This year has been a rollercoaster ride for real estate buyers and sellers alike. However, a strengthening Canadian economy is projected to have a positive, cascading impact on the nation’s high-end residential real estate market this fall.
From January through April, we saw four solid months of bidding wars, with many properties listed below market value, to encourage multiple offers on set offer dates. This resulted in a 25-35% year-over-year appreciation on home sales. In mid-April, Ontario’s 16-point fair housing plan was unveiled, with the aim of providing more fairness for buyers and renters. And, to cool the hot market, the plan introduced a 15% non-resident land transfer tax on the purchase of homes.
At that point, the dynamics of the market shifted dramatically. Buyers decided to wait and see what this legislation would do, while sellers rushed to put their properties up for sale, before the market changed. Sellers soon became distraught that they weren’t seeing offers as high as their neighbours had, only a month or two before. Uncertainty. Hesitation. The market became a stand-off.
Although this summer seems to have been a temporary transition period, it was an unpleasant place to be for sellers who had bought first and now found it difficult to sell. This can be attributed to declining average prices, and to buyers whose financial institutions had reassessed the amount of financing they were prepared to advance. These buyers hit the pause button and waited to see how far prices would drop before continuing the search for their new home.
In August, many frustrated sellers who had listed in May, June, and July, took their properties off the market. The result was that only 6,357 properties were reported sold in August – 35% fewer than the 9,748 properties sold in August 2016. However, the average sale price for August 2017 came in at $732,292—3% higher than the average sale price of $710,978 one year earlier.
The City of Toronto saw the steepest decline among detached properties, in sales volume and average sale price. However, while resale activity in freehold properties has pulled back since the introduction of the foreign buyer tax, the condo segment has performed better.
The average sale price for condos in Toronto’s central districts increased from $493,324 to $600,781, between August 2016 and August 2017. However, sales were down about 25%. This can be attributed to two factors: rising prices putting units out of reach for a growing group of first-time buyers, and shrinking inventories reducing the choice available to buyers who can afford to purchase.
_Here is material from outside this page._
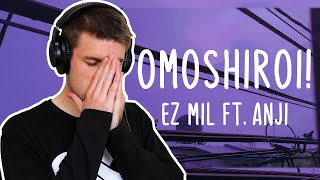 Rapper Reacts to EZ MIL FEAT ANJI  OMOSHIROI  THE VERSATILITY ON THIS First Reaction [upl. by Tubb]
Overall, the introduction of the 16-measure Ontario Fair Housing Plan in April 2017 created uncertainty in the GTA’s top-tier real estate market. The market correction that resulted took us from an extreme seller’s market, earlier in the year, to a more balanced market over the summer, with a brisk and active top-tier real estate market forecast for fall. Strong economic fundamentals are set to foster healthy activity in the high-end Greater Toronto Area market, even as it recedes from record highs following the introduction of the Ontario Fair Housing Plan.